Airports are always a scary, stressful place for me, ever since I had two seizures a few years ago. But with TSA pre and Cosmo, my continuous glucose monitoring system, I feel a little more comfortable about traveling the airways again.
And now that I’m single, traveling has become a second home. I am sitting on the floor near a wall outlet so I can charge my phone. I’m on my way to Iowa for a work conference, currently hanging out in Atlanta.
My aching ass and lower back keep reminding me I’m getting too old for this, but I will enjoy getting down and up from the floor as long as my body will allow.
But minus the hypoglycemia anxieties, I also hate crowds, and airports have loads of them.
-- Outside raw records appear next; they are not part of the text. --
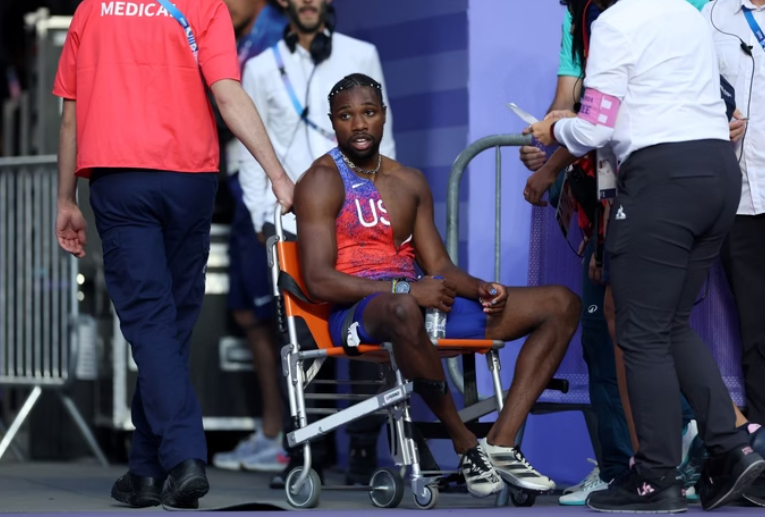 Americano corre com Covid, leva o bronze e sai de cadeira de rodas
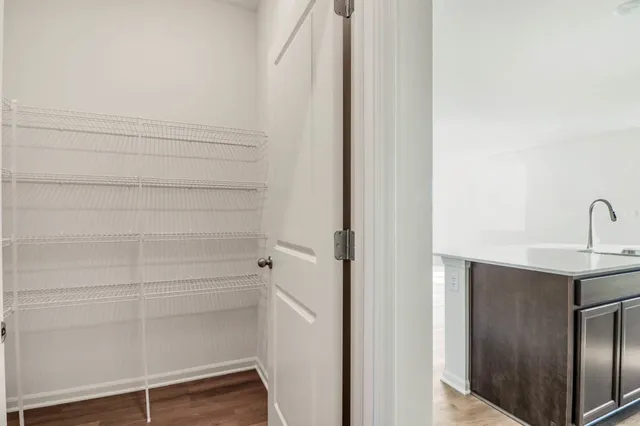 a view of a living room with hardwood floor and a ceiling fan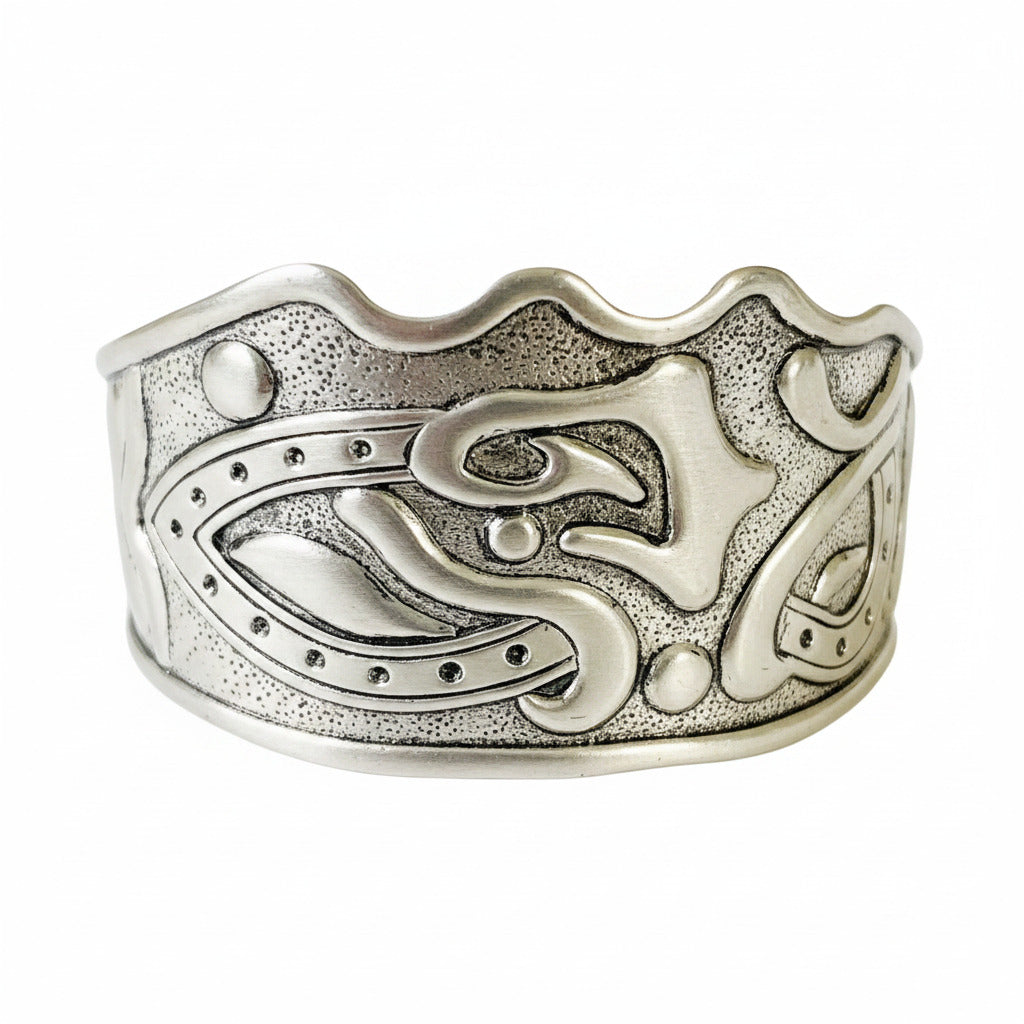 A vintage silver cuff bracelet with intricate carvings, displayed against a white background.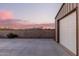 View of the metal barn with a concrete area, block wall, and mountain view in the distance at dusk at 38301 N 15Th Ave, Phoenix, AZ 85086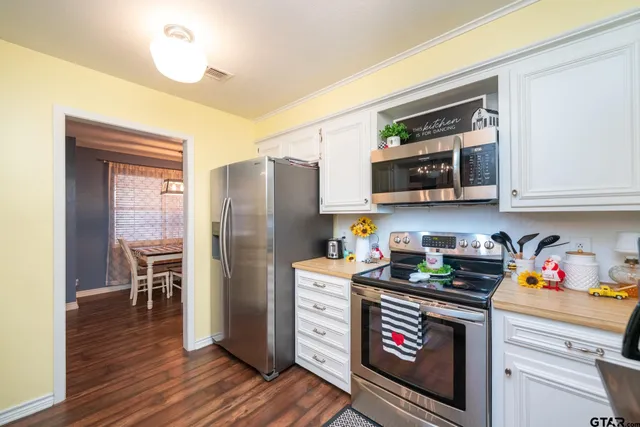 a kitchen with stainless steel appliances granite countertop a refrigerator microwave and stove top oven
I cringed when I boarded my flight in DC with a screaming baby behind me.
Yet even though an airport seems like the last place I want to be, I actually really enjoy them. I enjoy feeling connected to a community of travelers and observing the many types of human interaction. I enjoy watching the planes land and closing my eyes beneath a mask of sunglasses during take-off. I have some of my weirdest, best dreams when I sleep on a plane.
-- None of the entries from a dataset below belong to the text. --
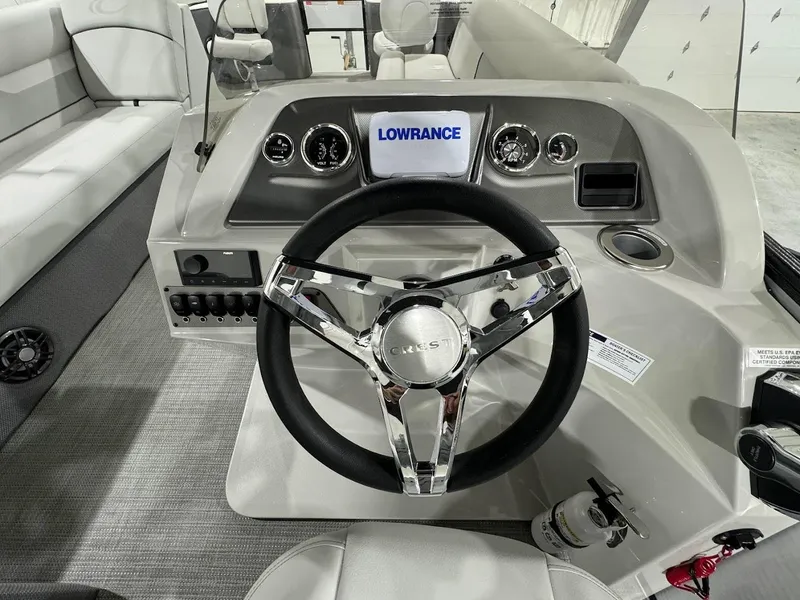 Slide: The Image of 2024 Crest Classic LX 220 boat dashboard with steering wheel and Lowrance display. - 14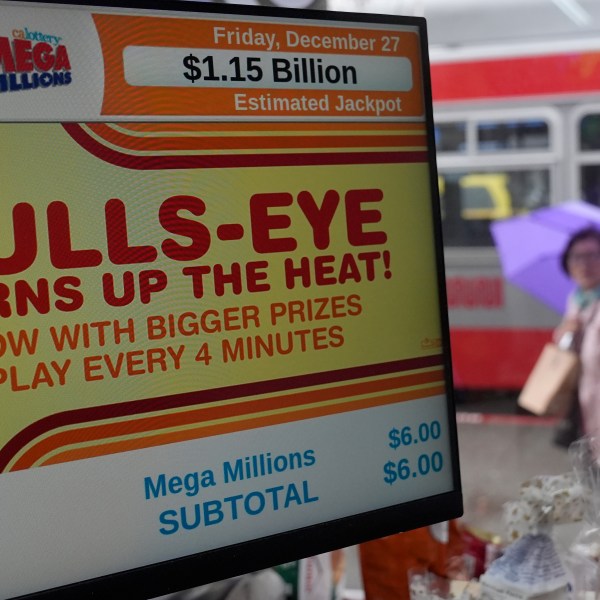 A pedestrian walks behind a sign advertising the estimated $1.15 billion Mega Millions jackpot at Rossi's Deli in San Francisco, Thursday, Dec. 26, 2024. (AP Photo/Jeff Chiu)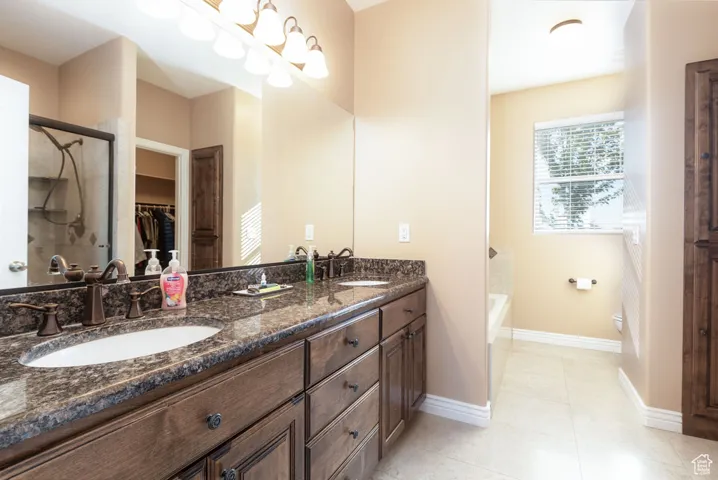 Full bath featuring double vanity, a spacious closet, a bath, a shower stall, and light tile patterned floors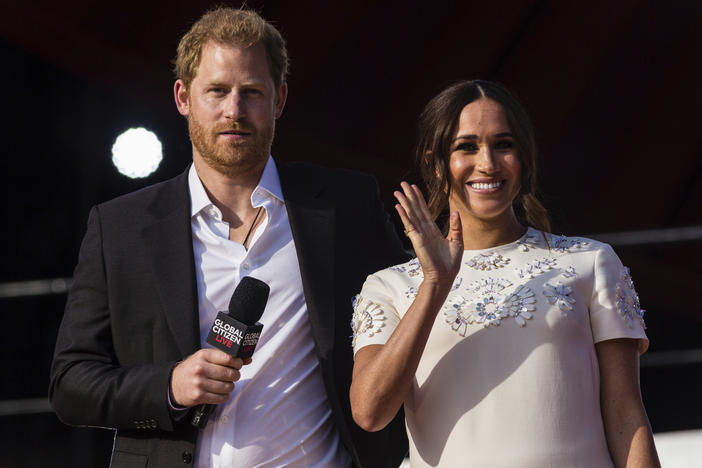 Prince Harry and his wife Meghan speak during the Global Citizen festival, on Sept. 25, 2021, in New York. The couple visited Queen Elizabeth II at Windsor Castle on Thursday.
I love the awful variety of airport food. I can’t feel bad for indulging because it’s all that I have. I love bringing my own reusable water bottle and not having to pay a ridiculous amount for bottled water which is basically bottled tap water.
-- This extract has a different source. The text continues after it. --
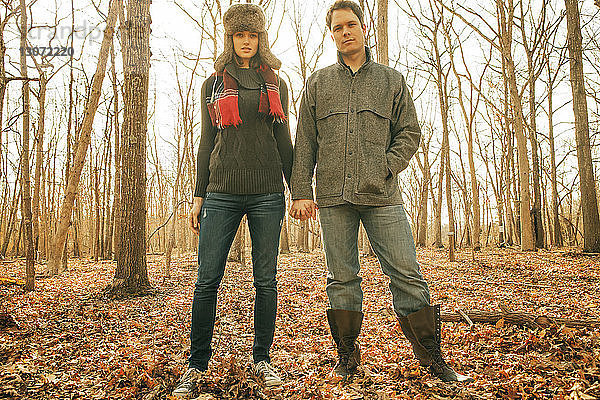 Porträt eines im Wald stehenden Paares  das sich an den Händen hält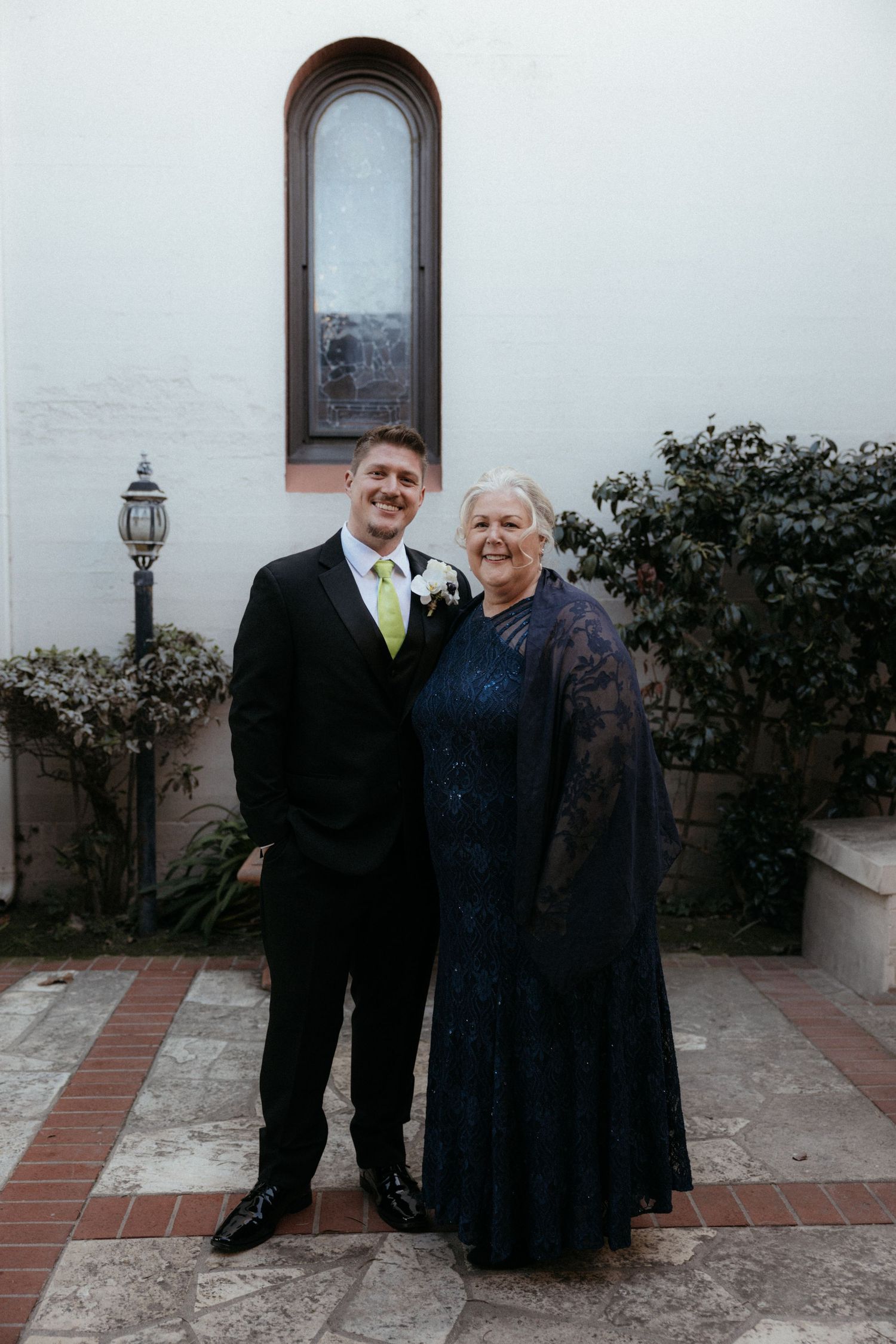 Two people in formal attire stand together on a tiled patio with arched windows and greenery in the background.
For me it’s the idea that we all must interact and relate because we are all travelers in the same terminal. It’s hard to hate.
And while I was reading from my Kindle on the last flight, that same baby waddled past me with his mom towering over him. He grabbed my arm for support, then stopped, and looked at me with big blue eyes, soaking it all in. His mom said hi and moved him along, but I just smiled at those big blue eyes.
Even after they’d gone I could feel the imprint of where his tiny fingers had been.